Heard of Aquabrowser? Developed by a library from the Netherlands (sorry it slipped my mind which one). My employer subsequently obtained a license to use it for our catalogue. It take a little while to load though.
http://aqua.elibraryhub.com/default.asp

Anonymous said...

Or Endeca (http://endeca.com/)? Barbara Tillett (LC) has mentioned incorporating the kind of Guided Navigation of Endeca into future systems. Read the speech she gave recently at UIUC at http://www.lis.uiuc.edu/
puboff/catalog/windsor/
windsor_tillett.html. I read recently that TLC has a partnership with Endeca to use Guided Navigation in a future system. Read the press release at
http://endeca.com/about_endeca/press_releases/p_062604_tlc.html.

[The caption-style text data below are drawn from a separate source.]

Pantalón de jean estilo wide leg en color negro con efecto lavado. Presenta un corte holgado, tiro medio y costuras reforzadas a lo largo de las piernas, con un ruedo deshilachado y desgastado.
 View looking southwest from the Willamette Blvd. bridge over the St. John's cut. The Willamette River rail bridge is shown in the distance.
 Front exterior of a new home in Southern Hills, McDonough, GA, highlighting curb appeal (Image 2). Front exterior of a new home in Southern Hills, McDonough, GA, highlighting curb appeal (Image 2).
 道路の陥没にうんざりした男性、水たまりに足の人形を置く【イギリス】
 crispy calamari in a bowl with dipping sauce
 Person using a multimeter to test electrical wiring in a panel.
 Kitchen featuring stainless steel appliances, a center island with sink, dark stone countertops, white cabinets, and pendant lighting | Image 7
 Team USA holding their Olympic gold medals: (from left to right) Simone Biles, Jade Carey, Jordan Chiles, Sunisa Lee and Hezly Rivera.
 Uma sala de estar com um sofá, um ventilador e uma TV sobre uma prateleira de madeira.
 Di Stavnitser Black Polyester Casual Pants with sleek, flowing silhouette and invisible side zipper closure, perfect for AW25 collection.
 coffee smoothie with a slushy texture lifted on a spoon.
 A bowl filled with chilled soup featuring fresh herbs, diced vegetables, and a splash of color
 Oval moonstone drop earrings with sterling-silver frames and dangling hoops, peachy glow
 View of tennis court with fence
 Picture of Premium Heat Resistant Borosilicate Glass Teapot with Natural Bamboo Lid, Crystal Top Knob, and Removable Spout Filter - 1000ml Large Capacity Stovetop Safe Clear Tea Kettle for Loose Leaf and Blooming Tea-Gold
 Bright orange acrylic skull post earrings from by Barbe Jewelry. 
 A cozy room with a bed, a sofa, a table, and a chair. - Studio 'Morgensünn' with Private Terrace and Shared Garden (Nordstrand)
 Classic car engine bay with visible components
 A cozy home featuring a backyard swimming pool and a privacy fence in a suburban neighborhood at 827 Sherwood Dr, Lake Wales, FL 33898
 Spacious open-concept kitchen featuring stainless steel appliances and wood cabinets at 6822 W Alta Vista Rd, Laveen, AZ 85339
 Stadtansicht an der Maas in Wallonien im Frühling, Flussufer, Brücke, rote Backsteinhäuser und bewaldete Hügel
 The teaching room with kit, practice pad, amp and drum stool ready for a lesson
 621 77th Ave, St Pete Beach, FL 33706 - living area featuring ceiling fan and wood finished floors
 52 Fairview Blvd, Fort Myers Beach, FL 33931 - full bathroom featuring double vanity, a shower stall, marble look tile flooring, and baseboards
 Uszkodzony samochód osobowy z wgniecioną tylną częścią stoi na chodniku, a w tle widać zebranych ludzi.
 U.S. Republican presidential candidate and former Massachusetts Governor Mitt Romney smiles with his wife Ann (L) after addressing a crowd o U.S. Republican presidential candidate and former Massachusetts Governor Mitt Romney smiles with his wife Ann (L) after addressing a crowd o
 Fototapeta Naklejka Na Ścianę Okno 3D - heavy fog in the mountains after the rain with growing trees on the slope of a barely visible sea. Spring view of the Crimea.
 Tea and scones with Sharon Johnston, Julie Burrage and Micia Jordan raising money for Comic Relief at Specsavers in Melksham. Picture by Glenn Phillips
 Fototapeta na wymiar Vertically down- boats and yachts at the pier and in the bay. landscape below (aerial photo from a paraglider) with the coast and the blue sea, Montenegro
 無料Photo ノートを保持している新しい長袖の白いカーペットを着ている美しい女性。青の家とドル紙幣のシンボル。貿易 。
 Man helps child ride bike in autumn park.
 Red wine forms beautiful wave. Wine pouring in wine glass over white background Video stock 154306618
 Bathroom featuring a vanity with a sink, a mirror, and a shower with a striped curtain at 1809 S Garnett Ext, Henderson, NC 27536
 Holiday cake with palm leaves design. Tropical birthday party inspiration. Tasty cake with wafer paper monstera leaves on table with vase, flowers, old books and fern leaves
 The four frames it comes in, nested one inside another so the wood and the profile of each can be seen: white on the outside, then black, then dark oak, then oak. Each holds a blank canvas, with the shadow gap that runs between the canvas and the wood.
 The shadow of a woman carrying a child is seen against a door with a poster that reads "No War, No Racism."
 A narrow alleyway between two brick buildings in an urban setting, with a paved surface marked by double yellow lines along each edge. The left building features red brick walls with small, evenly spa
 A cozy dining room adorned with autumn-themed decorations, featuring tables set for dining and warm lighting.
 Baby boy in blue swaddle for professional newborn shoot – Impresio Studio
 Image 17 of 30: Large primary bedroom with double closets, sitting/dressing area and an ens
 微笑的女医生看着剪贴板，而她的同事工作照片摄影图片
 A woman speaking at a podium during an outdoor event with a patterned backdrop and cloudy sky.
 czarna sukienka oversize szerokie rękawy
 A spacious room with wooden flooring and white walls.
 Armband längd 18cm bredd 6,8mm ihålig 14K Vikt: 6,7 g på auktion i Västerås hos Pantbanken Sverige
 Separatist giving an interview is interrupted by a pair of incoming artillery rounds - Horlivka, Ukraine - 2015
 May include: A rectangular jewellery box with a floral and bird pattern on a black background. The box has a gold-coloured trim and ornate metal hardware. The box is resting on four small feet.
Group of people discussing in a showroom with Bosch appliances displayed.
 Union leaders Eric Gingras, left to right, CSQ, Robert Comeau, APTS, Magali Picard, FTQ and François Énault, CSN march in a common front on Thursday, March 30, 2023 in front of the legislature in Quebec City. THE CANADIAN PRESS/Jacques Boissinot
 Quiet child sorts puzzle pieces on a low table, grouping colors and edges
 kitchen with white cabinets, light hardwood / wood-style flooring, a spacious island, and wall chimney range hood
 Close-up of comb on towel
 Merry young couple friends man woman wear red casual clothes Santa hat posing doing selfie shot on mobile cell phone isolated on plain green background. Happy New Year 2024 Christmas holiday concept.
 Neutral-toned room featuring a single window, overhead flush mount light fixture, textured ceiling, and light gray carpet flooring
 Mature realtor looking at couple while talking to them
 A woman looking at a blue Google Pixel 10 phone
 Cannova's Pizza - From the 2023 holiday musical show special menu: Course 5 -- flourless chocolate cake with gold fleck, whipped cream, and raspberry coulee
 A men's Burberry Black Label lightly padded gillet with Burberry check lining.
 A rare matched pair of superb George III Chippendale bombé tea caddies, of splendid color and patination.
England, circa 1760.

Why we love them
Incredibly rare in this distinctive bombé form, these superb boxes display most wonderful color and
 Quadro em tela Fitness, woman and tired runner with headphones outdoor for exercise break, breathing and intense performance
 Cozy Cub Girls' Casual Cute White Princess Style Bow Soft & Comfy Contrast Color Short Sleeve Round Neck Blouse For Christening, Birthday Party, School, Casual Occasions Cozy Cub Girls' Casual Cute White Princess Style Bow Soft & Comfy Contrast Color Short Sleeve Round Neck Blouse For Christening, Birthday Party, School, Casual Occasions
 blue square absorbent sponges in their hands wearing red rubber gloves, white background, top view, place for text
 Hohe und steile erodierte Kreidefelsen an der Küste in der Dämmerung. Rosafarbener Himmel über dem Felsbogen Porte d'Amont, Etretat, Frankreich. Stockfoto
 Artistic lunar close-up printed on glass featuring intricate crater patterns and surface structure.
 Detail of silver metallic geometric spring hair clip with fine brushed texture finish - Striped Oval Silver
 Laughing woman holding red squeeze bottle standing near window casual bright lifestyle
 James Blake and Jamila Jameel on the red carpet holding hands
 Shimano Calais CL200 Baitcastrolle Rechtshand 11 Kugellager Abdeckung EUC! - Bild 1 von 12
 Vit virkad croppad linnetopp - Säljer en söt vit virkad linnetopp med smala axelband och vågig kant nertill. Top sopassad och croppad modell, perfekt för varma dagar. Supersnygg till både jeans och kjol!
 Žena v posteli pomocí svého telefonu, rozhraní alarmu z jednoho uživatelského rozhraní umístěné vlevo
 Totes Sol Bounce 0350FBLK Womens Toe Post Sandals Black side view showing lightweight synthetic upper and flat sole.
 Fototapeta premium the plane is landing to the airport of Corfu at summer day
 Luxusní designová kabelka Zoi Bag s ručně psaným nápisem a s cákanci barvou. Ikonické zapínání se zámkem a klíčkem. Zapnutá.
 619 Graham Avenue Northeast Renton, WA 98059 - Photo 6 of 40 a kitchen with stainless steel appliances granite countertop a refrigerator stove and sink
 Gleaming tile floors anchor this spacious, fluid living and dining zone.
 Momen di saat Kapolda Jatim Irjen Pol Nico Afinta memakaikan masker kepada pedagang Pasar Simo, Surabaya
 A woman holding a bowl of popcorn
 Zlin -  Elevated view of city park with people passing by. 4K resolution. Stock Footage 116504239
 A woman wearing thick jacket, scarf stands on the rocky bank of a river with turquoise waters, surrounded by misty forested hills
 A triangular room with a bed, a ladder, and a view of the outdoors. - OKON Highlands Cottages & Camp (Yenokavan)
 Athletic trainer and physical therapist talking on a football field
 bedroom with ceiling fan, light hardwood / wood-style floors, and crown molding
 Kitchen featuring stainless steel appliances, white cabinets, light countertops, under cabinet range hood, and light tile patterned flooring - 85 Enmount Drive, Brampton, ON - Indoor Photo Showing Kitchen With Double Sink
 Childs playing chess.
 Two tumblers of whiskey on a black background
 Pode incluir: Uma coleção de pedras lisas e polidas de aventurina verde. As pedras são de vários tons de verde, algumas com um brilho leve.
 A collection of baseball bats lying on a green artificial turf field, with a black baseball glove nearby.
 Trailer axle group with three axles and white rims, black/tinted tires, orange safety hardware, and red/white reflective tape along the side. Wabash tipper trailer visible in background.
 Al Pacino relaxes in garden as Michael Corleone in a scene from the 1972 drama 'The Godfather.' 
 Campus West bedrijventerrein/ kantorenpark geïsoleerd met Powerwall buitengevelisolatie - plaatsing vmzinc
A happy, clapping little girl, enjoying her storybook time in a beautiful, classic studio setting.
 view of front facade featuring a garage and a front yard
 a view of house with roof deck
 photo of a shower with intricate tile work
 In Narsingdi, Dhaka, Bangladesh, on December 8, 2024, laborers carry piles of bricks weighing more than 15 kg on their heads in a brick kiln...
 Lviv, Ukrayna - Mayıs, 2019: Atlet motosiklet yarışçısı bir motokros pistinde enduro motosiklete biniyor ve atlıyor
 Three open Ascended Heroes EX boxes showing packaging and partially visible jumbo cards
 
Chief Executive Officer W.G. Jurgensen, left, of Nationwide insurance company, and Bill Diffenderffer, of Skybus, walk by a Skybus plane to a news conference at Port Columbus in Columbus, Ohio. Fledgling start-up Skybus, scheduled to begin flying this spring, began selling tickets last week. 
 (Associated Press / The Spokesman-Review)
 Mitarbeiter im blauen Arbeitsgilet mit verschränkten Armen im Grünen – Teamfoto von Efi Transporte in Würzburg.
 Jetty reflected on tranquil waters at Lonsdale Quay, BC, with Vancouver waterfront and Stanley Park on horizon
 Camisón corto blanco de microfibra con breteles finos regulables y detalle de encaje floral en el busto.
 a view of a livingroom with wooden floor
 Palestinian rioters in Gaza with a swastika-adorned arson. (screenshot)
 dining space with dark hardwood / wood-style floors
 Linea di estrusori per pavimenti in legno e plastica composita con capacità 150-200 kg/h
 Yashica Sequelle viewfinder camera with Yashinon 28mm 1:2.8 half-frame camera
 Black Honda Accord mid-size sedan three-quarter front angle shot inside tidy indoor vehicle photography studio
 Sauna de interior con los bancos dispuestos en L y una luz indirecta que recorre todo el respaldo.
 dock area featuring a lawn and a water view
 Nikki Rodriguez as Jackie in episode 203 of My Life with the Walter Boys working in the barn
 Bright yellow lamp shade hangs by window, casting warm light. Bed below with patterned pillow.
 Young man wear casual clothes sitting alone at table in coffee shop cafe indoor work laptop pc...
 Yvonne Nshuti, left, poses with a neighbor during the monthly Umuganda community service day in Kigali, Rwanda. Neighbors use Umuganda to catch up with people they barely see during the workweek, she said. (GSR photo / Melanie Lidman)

I have tried Guided Navigation at the Barnes and Nobles web site and elsewhere. I like it. In Andrew K. Pace's "My Kingdom for an OPAC" (American Libraries, February 2005), of Endeca he writes, "Endeca fuses fast searching with guided navigation, and it capitalizes on the sophistication of metadata. This front-end and back-end addition to bibliographic discovery could revolutionize the OPAC." That's sounds very promising; such a system just might give patrons the results that they expect and deserve.

Bryan Campbell
Nashville, TN
bryan.campbell@vanderbilt.edu

Jenn Riley said...

Wow, thanks all! Both of these are new to me - I'm checking them out now!

Ivan Chew said...

BTW, the URL I provided seems to have a problem. Try via www.elibraryhub.com and use the search. If it still doesn't work, let me know. I can be reached at weeping_sentinel [@] hotmail.com, or contact the site's Helpdesk. ~ RamblingLibrarian

Anonymous said...

In fact in our library - which is a reference only State Library - we knew back in 1984 (via a formal catalogue use survey)that the majority of our searches (64%) were subject rather than known item, and this has informed our ILMS selection & OPAC index menu structure ever since. In fact we do have a 'more like this' button available in our main catalogue
http://www.slv.vic.gov.au/catalogues/index.html
but it does only work on formal authority headings which are shown in the 'detailed view' - which I suspect is actually viewed by relatively few. It is also hard to work out from search logs how effective it is.
I think the 'known item' approach is much stronger in an academic setting that in a public library environment. That said, I am very interested in the systems mentioned in the other comments.